→ PROBLEM TO WORK ON: From the material below, reproduce exactly the stretch of lines that begins with the line holding "Drewniane Etui Bewood Realme 10 4G PADOUK" and ends with the line holding "-角落里(中山公园店)", skipping the pictures.

→ EXCERPTED DATA:
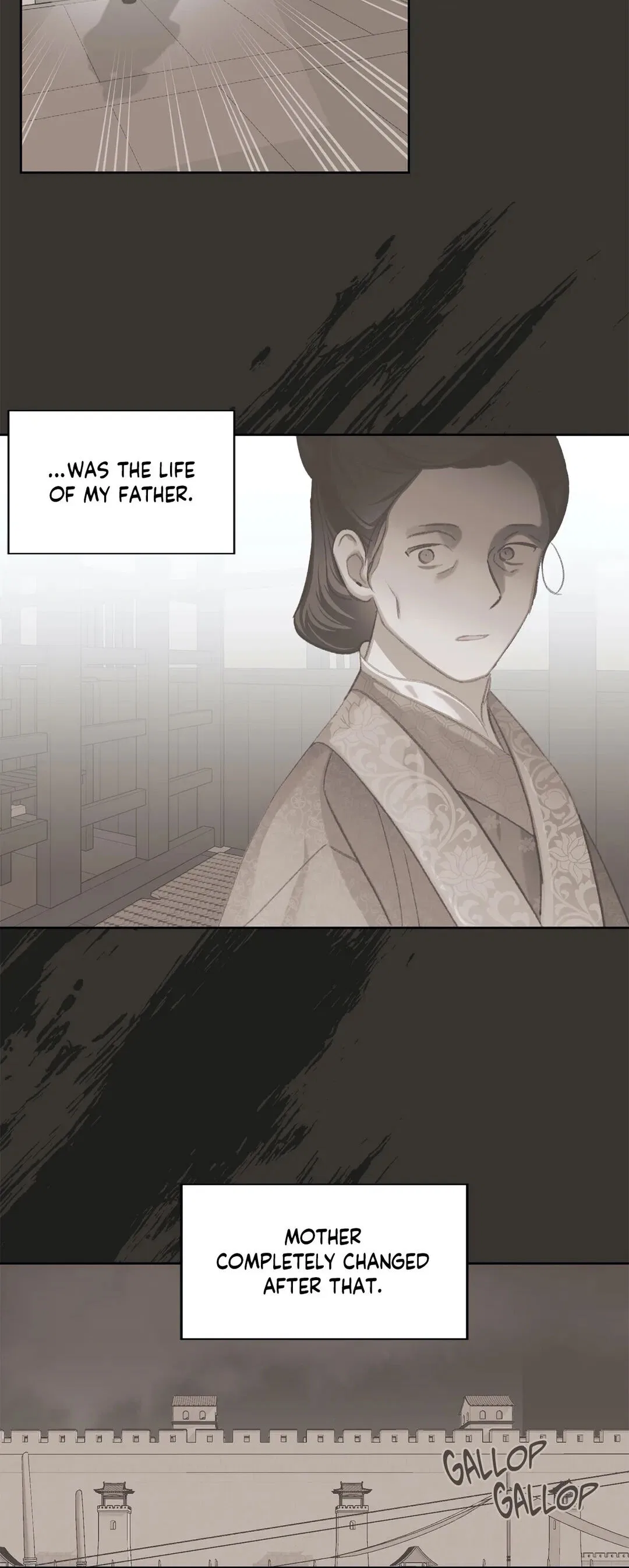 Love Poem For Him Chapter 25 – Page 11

* * *

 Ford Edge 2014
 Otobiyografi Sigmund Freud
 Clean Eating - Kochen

...

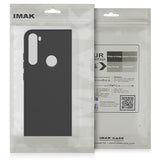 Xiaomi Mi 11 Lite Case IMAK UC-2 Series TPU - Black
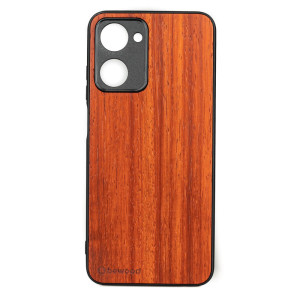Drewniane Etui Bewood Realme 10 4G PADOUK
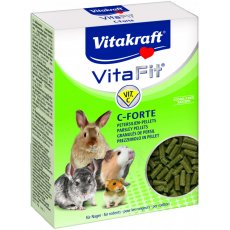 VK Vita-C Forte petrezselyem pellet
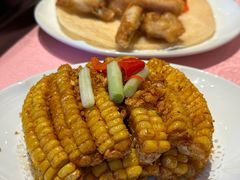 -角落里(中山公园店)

→ ANSWER TO THE PROBLEM:
Drewniane Etui Bewood Realme 10 4G PADOUK
 VK Vita-C Forte petrezselyem pellet
 -角落里(中山公园店)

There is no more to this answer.